Si pudiera retroceder hasta cuatro o cinco horas antes de aquella partida, ¿habría ido igualmente a jugar, sabiendo lo que iba a suceder? E incluso, teniendo el poder de decidir ahora, a posteriori, que el origen de aquel dinero fuese lícito en vez de tramposo, ¿qué habría hecho? Ya no pensaba en devolver el dinero o no quedármelo. Había ido más allá, mucho más allá. Y me contesté que así estaba bien; que volvería a jugar, aun si hubiera sabido lo que sucedería. Y que era mucho más divertido que aquel dinero proviniese de un juego de prestidigitación, o sea de una habilidad superior y de una intención humana, que de un movimiento obtuso de la suerte.

Y después me di cuenta de algo más turbador que todo lo demás.

Quería hacerlo de nuevo.

Francesco me leyó el pensamiento.

—¿Te interesa otra partida dentro de unos días? Al cincuenta por ciento.

—Perdona, pero ¿por qué? ¿Para qué me necesitas?

Me lo explicó. No se puede hacer trampas solo, y menos en el póquer. En una mesa seria, si ganas siempre —y ganas mucho— cuando eres el que da cartas, los demás no tardan en darse cuenta y sospechar. El compinche es tan importante como el prestidigitador. Uno prepara las cartas, el otro cobra y todos contentos. Es decir, en realidad no todos están contentos, pero piensan que es sólo una maldita y absurda mala suerte.
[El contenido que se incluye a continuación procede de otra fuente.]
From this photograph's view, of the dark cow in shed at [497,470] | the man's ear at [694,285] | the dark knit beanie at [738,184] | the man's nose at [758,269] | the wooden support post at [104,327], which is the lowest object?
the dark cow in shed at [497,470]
Como Roberto y Massaro.

Brevemente, Francesco me explicó cómo funcionaba. En la mesa el compinche debe actuar de tonto o de fanfarrón, que en el póquer es lo mismo. Es posible ganar una buena mano o ganar muchos pozos pequeños, según como sea la noche. Es importante que el prestidigitador pierda algo y que la ganancia del compinche parezca la clásica y descarada fortuna del aficionado. Etcétera, etcétera.
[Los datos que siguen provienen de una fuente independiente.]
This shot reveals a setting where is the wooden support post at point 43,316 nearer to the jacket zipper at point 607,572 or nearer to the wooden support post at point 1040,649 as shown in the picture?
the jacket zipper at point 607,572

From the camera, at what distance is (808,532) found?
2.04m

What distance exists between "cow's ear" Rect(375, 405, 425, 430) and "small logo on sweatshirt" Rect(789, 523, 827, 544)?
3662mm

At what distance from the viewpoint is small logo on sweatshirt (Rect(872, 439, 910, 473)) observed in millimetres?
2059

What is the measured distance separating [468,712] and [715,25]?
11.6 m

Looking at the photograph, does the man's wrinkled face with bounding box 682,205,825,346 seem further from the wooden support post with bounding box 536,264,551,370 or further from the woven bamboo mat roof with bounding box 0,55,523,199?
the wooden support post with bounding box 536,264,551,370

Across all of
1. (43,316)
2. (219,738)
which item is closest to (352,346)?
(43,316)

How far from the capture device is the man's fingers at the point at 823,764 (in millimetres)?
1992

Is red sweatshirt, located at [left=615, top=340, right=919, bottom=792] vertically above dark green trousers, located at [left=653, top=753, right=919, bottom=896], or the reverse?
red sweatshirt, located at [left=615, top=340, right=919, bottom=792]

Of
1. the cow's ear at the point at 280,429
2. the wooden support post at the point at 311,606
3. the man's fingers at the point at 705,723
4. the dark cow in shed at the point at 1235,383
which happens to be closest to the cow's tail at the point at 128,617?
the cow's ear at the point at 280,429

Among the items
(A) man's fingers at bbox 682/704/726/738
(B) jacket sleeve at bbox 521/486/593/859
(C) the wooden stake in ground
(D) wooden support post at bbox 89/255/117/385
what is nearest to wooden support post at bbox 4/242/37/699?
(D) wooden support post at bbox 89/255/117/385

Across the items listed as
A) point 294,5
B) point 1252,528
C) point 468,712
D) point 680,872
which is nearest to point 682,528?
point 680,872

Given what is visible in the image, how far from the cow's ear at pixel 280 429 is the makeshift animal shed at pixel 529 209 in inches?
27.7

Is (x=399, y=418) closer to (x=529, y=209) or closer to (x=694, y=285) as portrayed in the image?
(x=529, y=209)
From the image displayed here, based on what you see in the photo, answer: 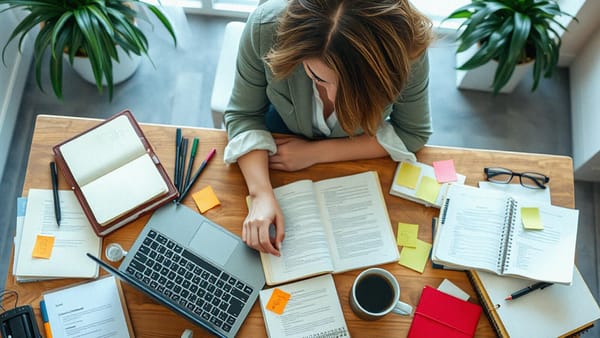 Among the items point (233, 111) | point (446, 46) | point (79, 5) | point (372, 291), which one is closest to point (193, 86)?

Cuando terminó, hice la pregunta que me quemaba:

—¿Por qué justamente yo?

Me miró en silencio. Luego desvió la mirada, tomó un cigarrillo, lo golpeteó en la mesa sin encenderlo. Luego volvió a mirarme, todavía en silencio. Al fin habló y parecía ligeramente incómodo.

—Por regla general no me fío de las intuiciones y trato de reprimirlas. En este caso tuve la intuición de que tú eras la persona adecuada, que podrías entender. ¿Leíste Demian?

Hice un gesto de asentimiento con la cabeza. Lo había leído y, si quería convencerme, había tocado la tecla justa. Continuó sin que yo dijera nada.

—En resumen, hice algo que por costumbre no hago. O sea una apuesta basada en una intuición. ¿Entiendes?

Estaba diciendo que confiaba en mí. Por algo especial que yo tenía.

Bastaba.

Sin duda era obvio que antes de mí algún otro había interpretado el papel de compinche. Estaba sustituyendo a alguien. Pero Francesco no habló de eso y yo, aquella noche, no pregunté nada.

Salimos del Dirty Moon cuando el barman y el único camarero estaban comenzando a colocar las sillas sobre las mesas.

Fuera ya había un alba violácea de enero.